Language handling in exports

tax-advisor Updated Tue Jul 14 2026 00:00:00 GMT+0000 (Coordinated Universal Time)

Exports preserve original-language vendor names and line items as-is. No automated translation. Column headers and status values are English (the posting-batch file for accounting software keeps that format's own conventions). The original document files are available as a ZIP of receipts, so anything that needs reading-in-language stays accessible.

When this article is for you

You're a tax advisor working with multi-locale clients — a client in Madrid invoicing French customers, a Berlin freelancer with Italian + Greek suppliers, a Warsaw consultancy with English + Polish + Czech documents. You want to know how TaxItEasy preserves the original-language information through the export pipeline, what gets normalised, and what stays as-is.

For the multi-currency story alongside multi-language (often the same clients), see multi-currency for cross-border clients. For the broader bulk-export flow, see bulk export as a tax advisor. For which export formats exist, see CSV and PDF export status.

What's English, what's original-language

The export files have a clear separation. The structure is in English (predictable for any downstream tool); the content extracted from documents stays in the language of the source document.

Always English

These are platform-side, always normalised:

Column headers — Invoice Number, Date, Due Date, Vendor, Net, VAT Rate, VAT, Gross, Currency, Status, Category, and so on.
Status values — pending / reviewed / flagged, paid / unpaid, matched / unmatched.
Categories — exported as their resolved English labels (never internal keys). Custom categories a company created export under the name they were given.
Metadata — export date, period parameters, report titles.
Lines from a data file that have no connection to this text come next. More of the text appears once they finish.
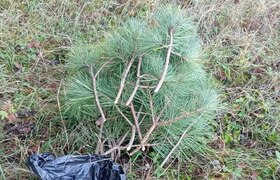 В Крыму оштрафовали мужчину за обрезку сосновых...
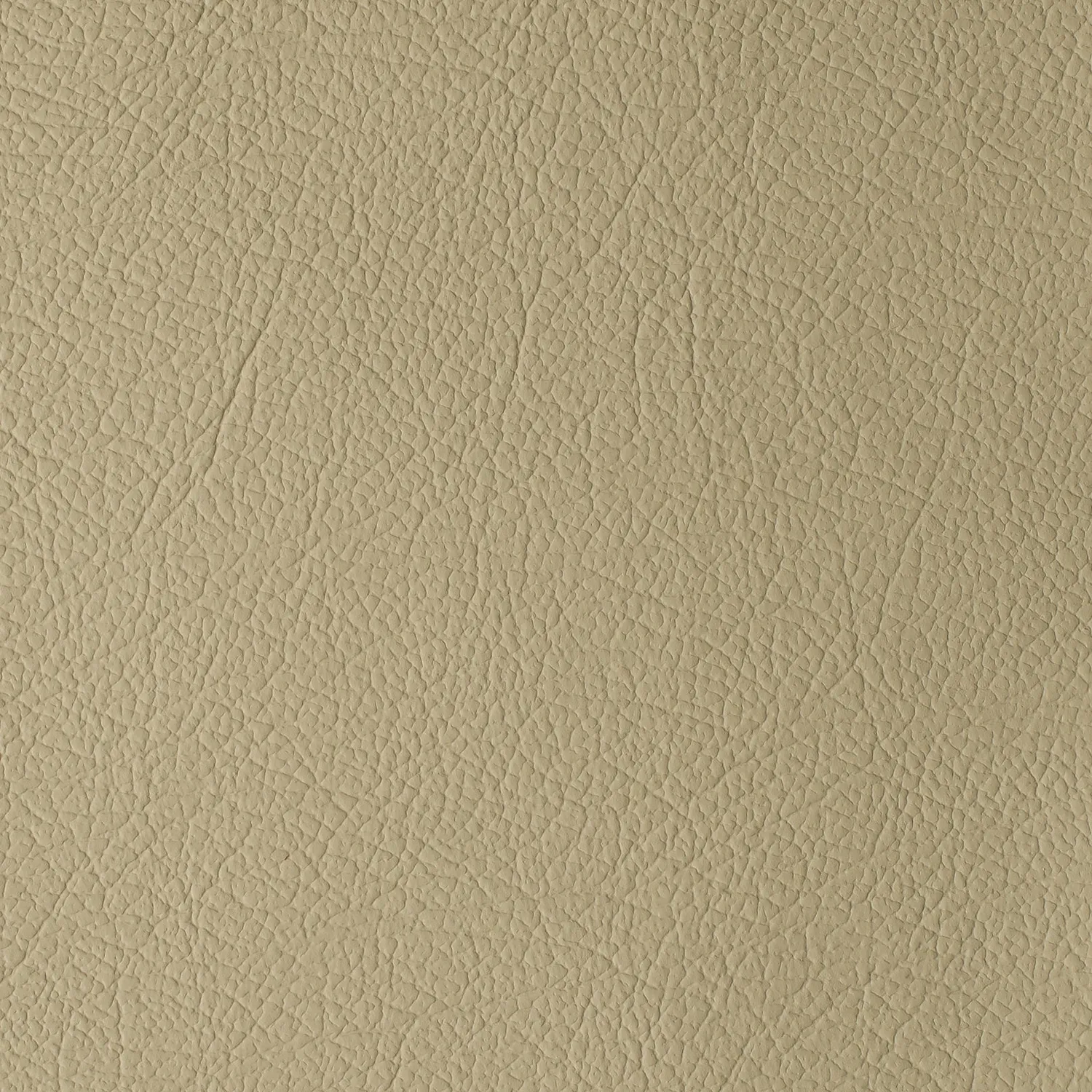 Elastron Daytona cuir auto grain naturel robuste 15 teintes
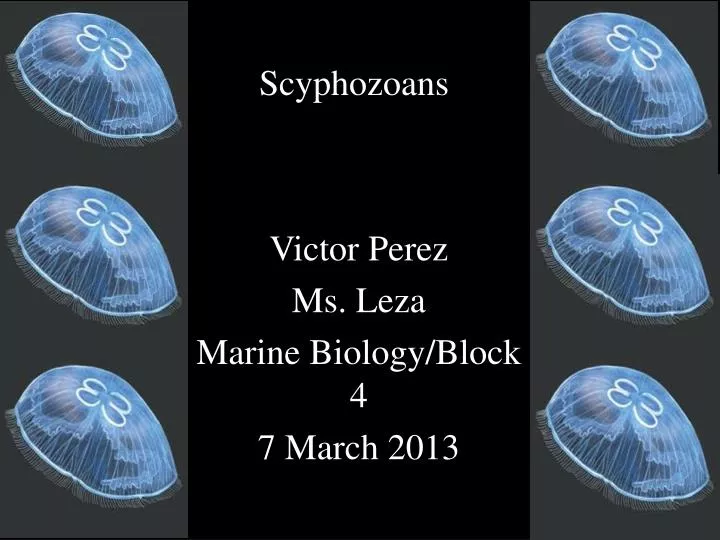 scyphozoans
One deliberate exception: the posting-batch export (the hand-off file for your accounting software) mirrors that import format's own column conventions, because that's what the receiving software expects.

Original-language preserved

These are document-side content fields, kept verbatim as extracted from the original document:

Vendor name — "Société Générale" stays "Société Générale"; we don't transliterate or translate. Same for Cyrillic, Greek, or CJK scripts.
Invoice number / reference — exactly as on the invoice, including any prefix codes ("R-2026-0042", "FA-23-001").
Line-item descriptions — "Software-Lizenz Adobe Creative Cloud" stays German if the invoice was German; "Hébergement web mensuel" stays French.
Free-text fields written by humans — comments and notes are in whatever language the author wrote them.

The combined result: English column headers around original-language content. That makes the files importable into any downstream tool (which expects standard columns) while preserving original-language readability for any human eyes on the data.

The original document files

Exports carry the extracted, structured data — not embedded document images. When you need the originals (e.g. a Greek-language invoice you want to inspect by hand), use the receipts ZIP on the advisor Reports tab: it packages the client's original uploaded files as an encrypted ZIP, delivered as an emailed single-use download link (valid 24 hours) with a password shown once on screen.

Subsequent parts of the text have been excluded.